/---

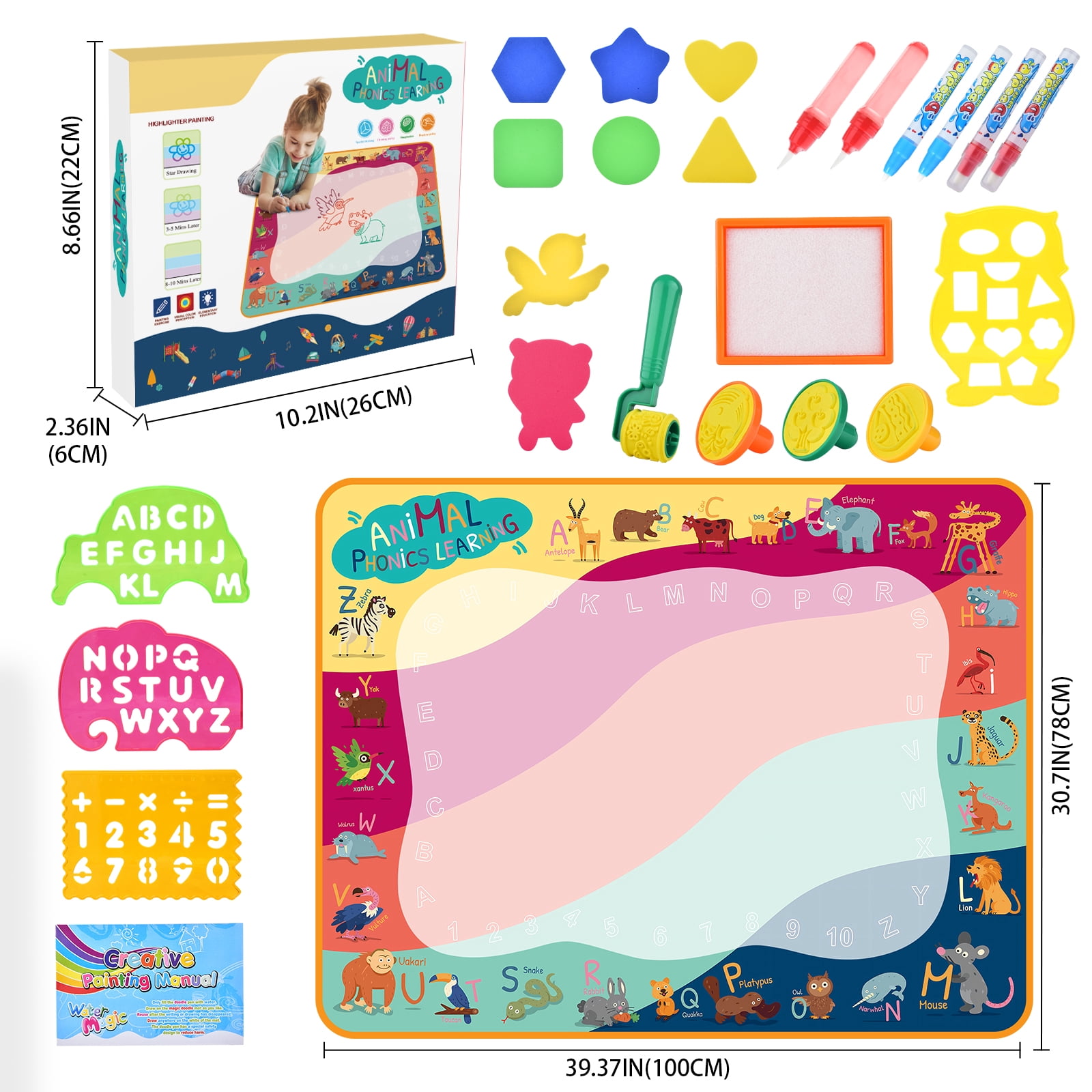 WLBES Water Doodle Mat, Reusable Mess-Free Aqua Drawing Pad for Toddlers (Multicolor, 30 in x 30 in) 2u7dm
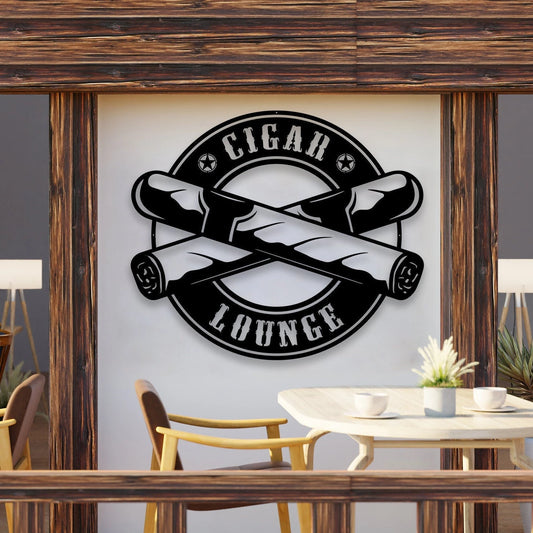 Cigar Lounge Sign Cigar Bar Sign Groomsmen Gift Smoking Room Decor Cigar Bar Sign Wedding Cigar Bar Rustic Bar Signs - 8 inches - metal sign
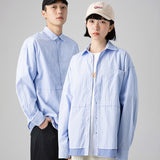 Men Shacket Long Sleeve Autumn Shirt Spring Stripes Versatile Shirt Top Simple Coat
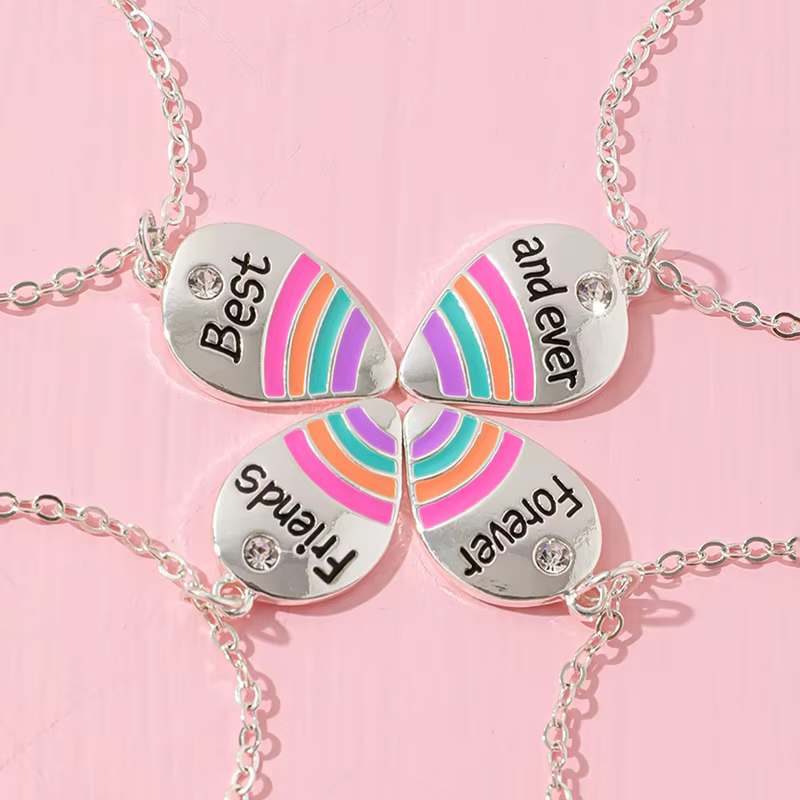 Pendentif arc-en-ciel meilleurs amis pour toujours et jamais, collier BFF, bijoux d'amitié pour bons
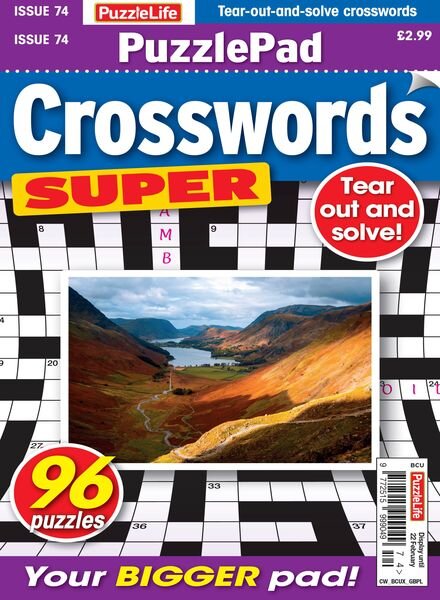 PuzzleLife PuzzlePad Crosswords Super – Issue 74 – 30 January 2024 Cover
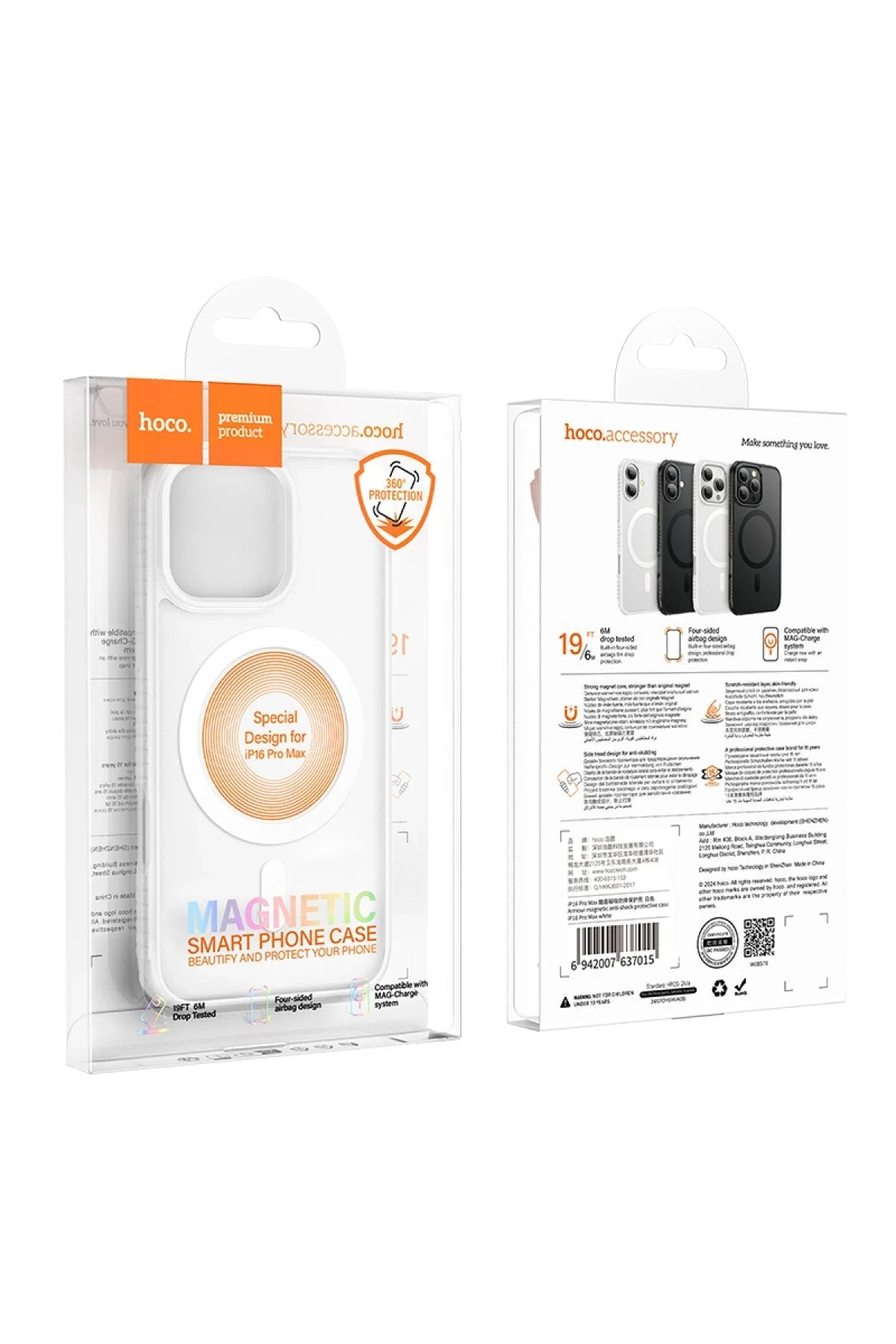 Hoco. iPhone 16 Pro ile Uyumlu Armour Antishock Protective Kablosuz Şarj Özellikli Kapak - Beyaz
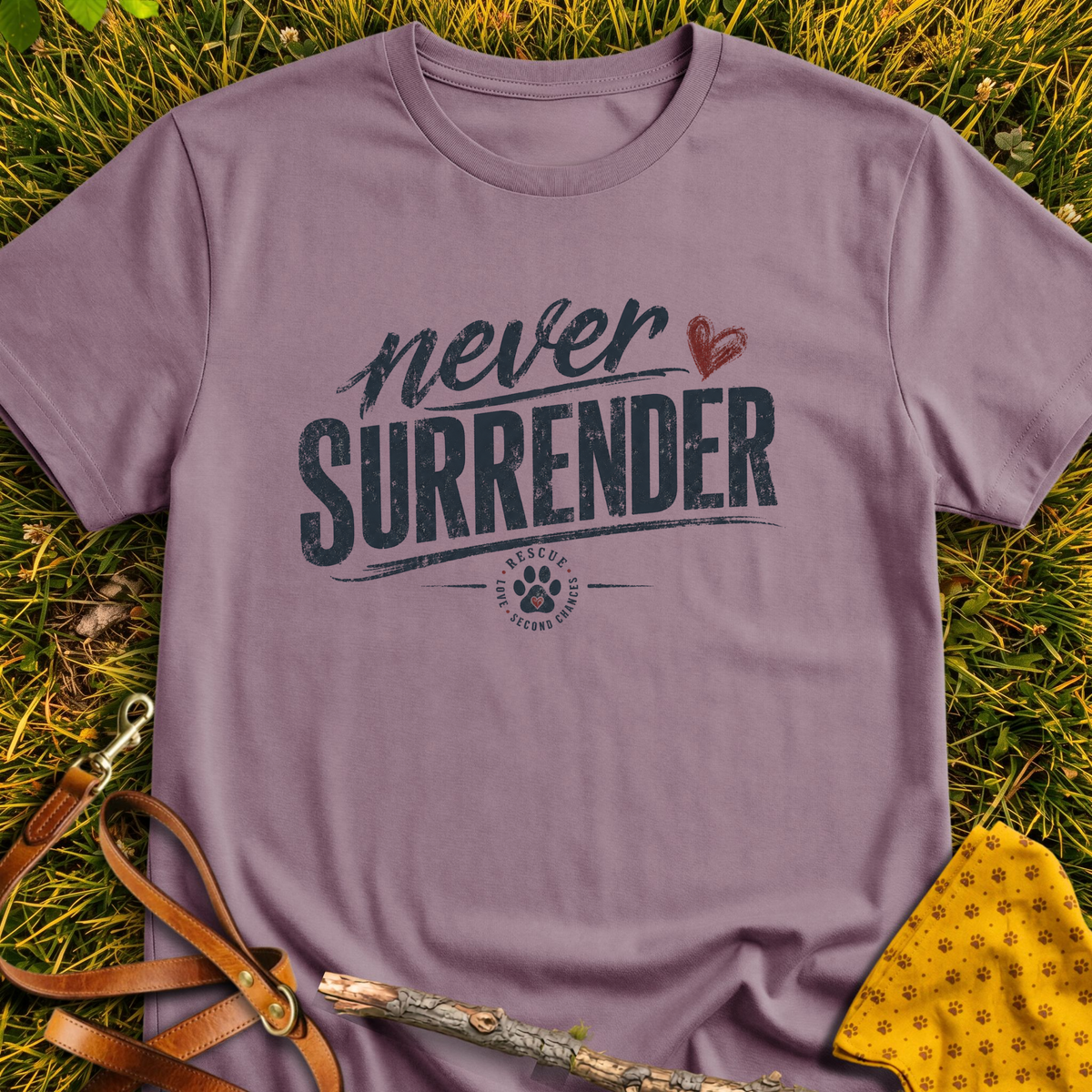 Never Surrender Paw T-shirt T-shirt in Paragon - Furever Mode rescue dog tee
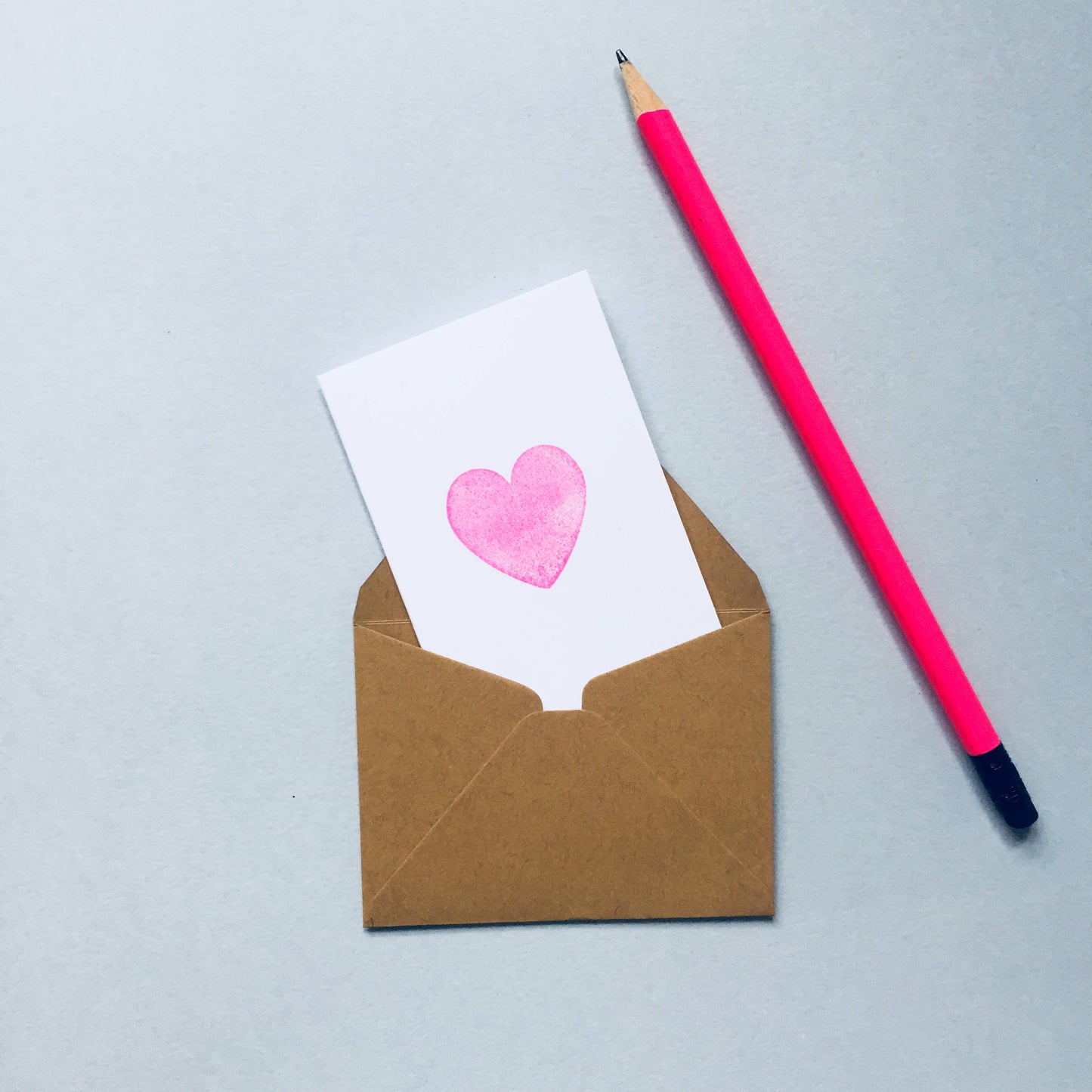 MINI HEART CARD SET- Pink Hand Stamped Heart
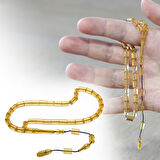 Sistemli Kesme Kesim Şeffaf Beyaz Mini Boy Ateş Kehribar Tesbih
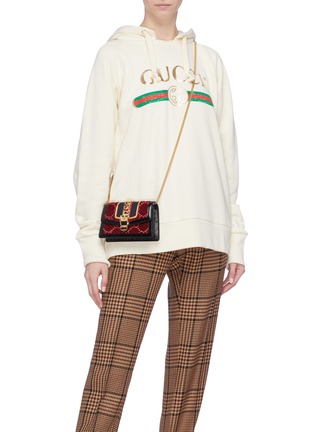 Figure View - Click To Enlarge - GUCCI - 'Sylvie' mini leather velvet crossbody bag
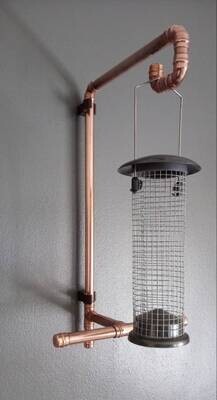 Handmade copper pipe hanging bird feeding station bracket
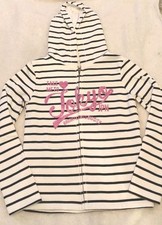 C&A Jacke Weiß Blau gestreift Rosa Aufdruck Glitzer Gr. 146 152  Neu o. Etikett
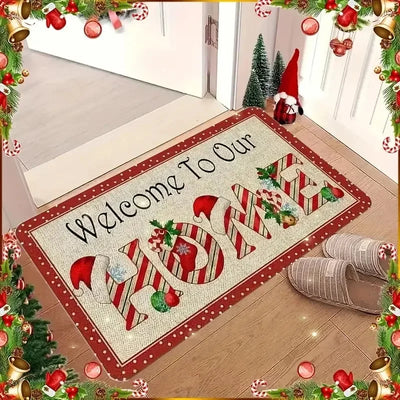 Red Santa Claus  Door Mat
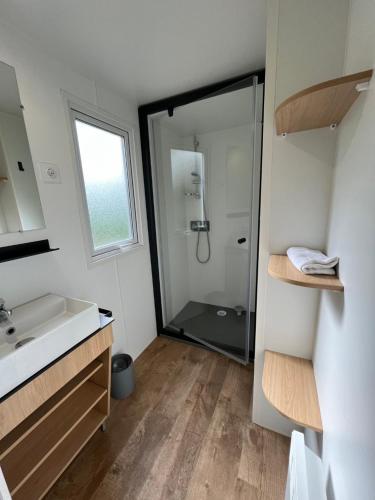 une salle de bain avec douche et lavabo dans l'établissement Camping de Montlouis-sur-Loire, à Montlouis-sur-Loire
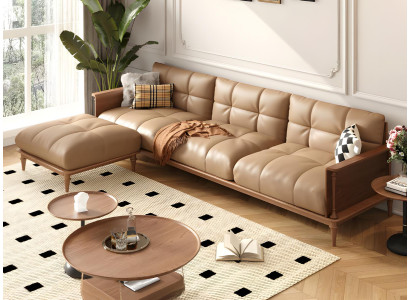 Modernes Braun Sofa mit Hocker Stilvolle Couch Wohnzimmer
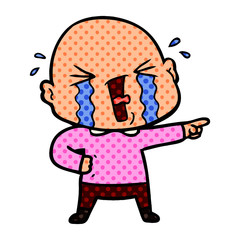 cartoon crying bald man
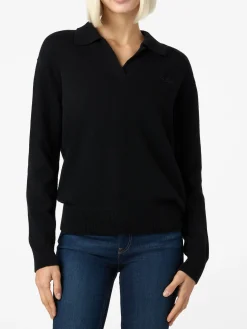 Maglione da donna nero Eze con collo polo
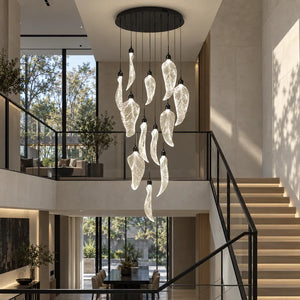 Noah Large Stairwell Chandelier Black / 7 / Warm White 3000K Modern Chandelier
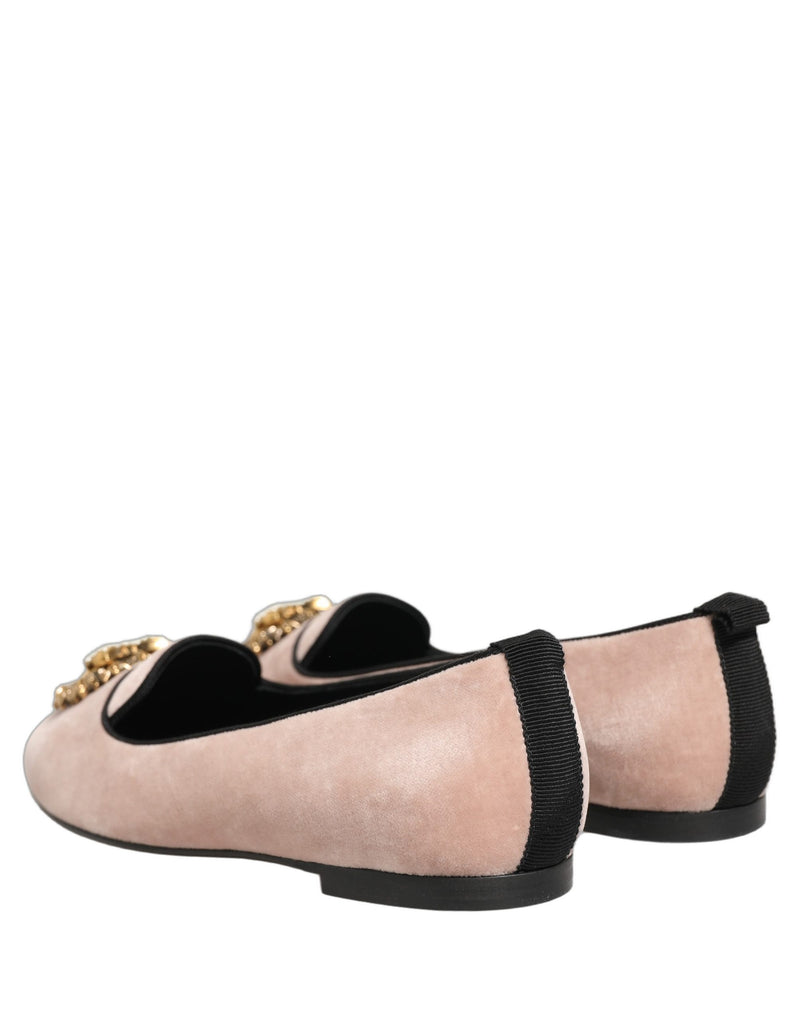 Mocassini bassi Dolce & Gabbana in velluto rosa Devotion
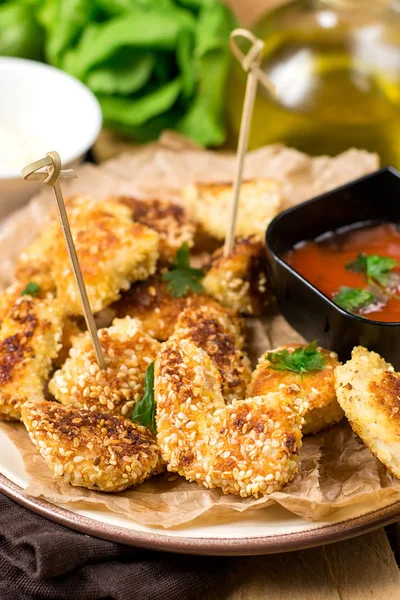 Healthy chicken nuggets with sesame seeds — Stock Photo, Image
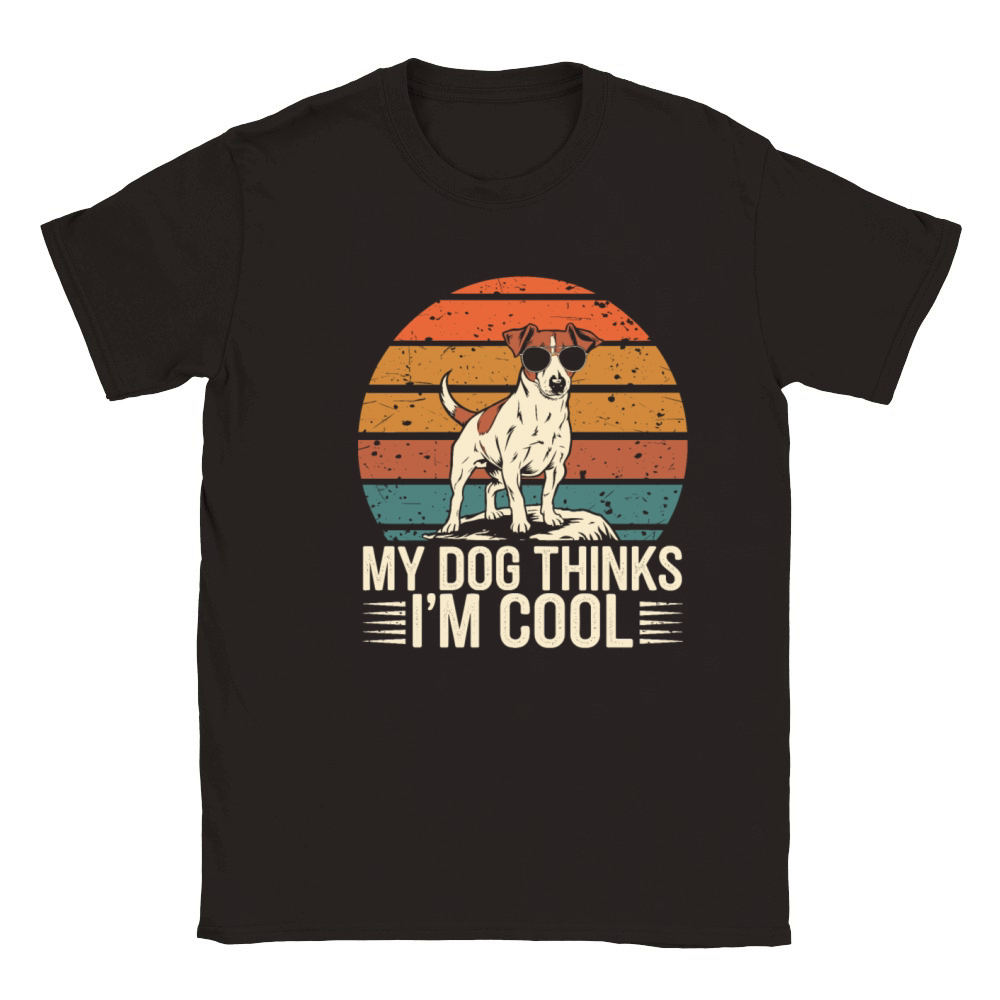 Jack Russell Terrier My Dog Thinks Im Cool Classic Kids Crewneck T-shirt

\---

In the listing above, find the line containing "Cigar Lounge Sign" and the line containing "Healthy chicken nuggets", then print exactly those two lines and every line between them, minus the pictures.

 Cigar Lounge Sign Cigar Bar Sign Groomsmen Gift Smoking Room Decor Cigar Bar Sign Wedding Cigar Bar Rustic Bar Signs - 8 inches - metal sign
 Men Shacket Long Sleeve Autumn Shirt Spring Stripes Versatile Shirt Top Simple Coat
 Pendentif arc-en-ciel meilleurs amis pour toujours et jamais, collier BFF, bijoux d'amitié pour bons
 PuzzleLife PuzzlePad Crosswords Super – Issue 74 – 30 January 2024 Cover
 Hoco. iPhone 16 Pro ile Uyumlu Armour Antishock Protective Kablosuz Şarj Özellikli Kapak - Beyaz
 Never Surrender Paw T-shirt T-shirt in Paragon - Furever Mode rescue dog tee
 MINI HEART CARD SET- Pink Hand Stamped Heart
 Sistemli Kesme Kesim Şeffaf Beyaz Mini Boy Ateş Kehribar Tesbih
 Figure View - Click To Enlarge - GUCCI - 'Sylvie' mini leather velvet crossbody bag
 Handmade copper pipe hanging bird feeding station bracket
 C&A Jacke Weiß Blau gestreift Rosa Aufdruck Glitzer Gr. 146 152  Neu o. Etikett
 Red Santa Claus  Door Mat
 une salle de bain avec douche et lavabo dans l'établissement Camping de Montlouis-sur-Loire, à Montlouis-sur-Loire
 Modernes Braun Sofa mit Hocker Stilvolle Couch Wohnzimmer
 cartoon crying bald man
 Maglione da donna nero Eze con collo polo
 Noah Large Stairwell Chandelier Black / 7 / Warm White 3000K Modern Chandelier
 Mocassini bassi Dolce & Gabbana in velluto rosa Devotion
 Healthy chicken nuggets with sesame seeds — Stock Photo, Image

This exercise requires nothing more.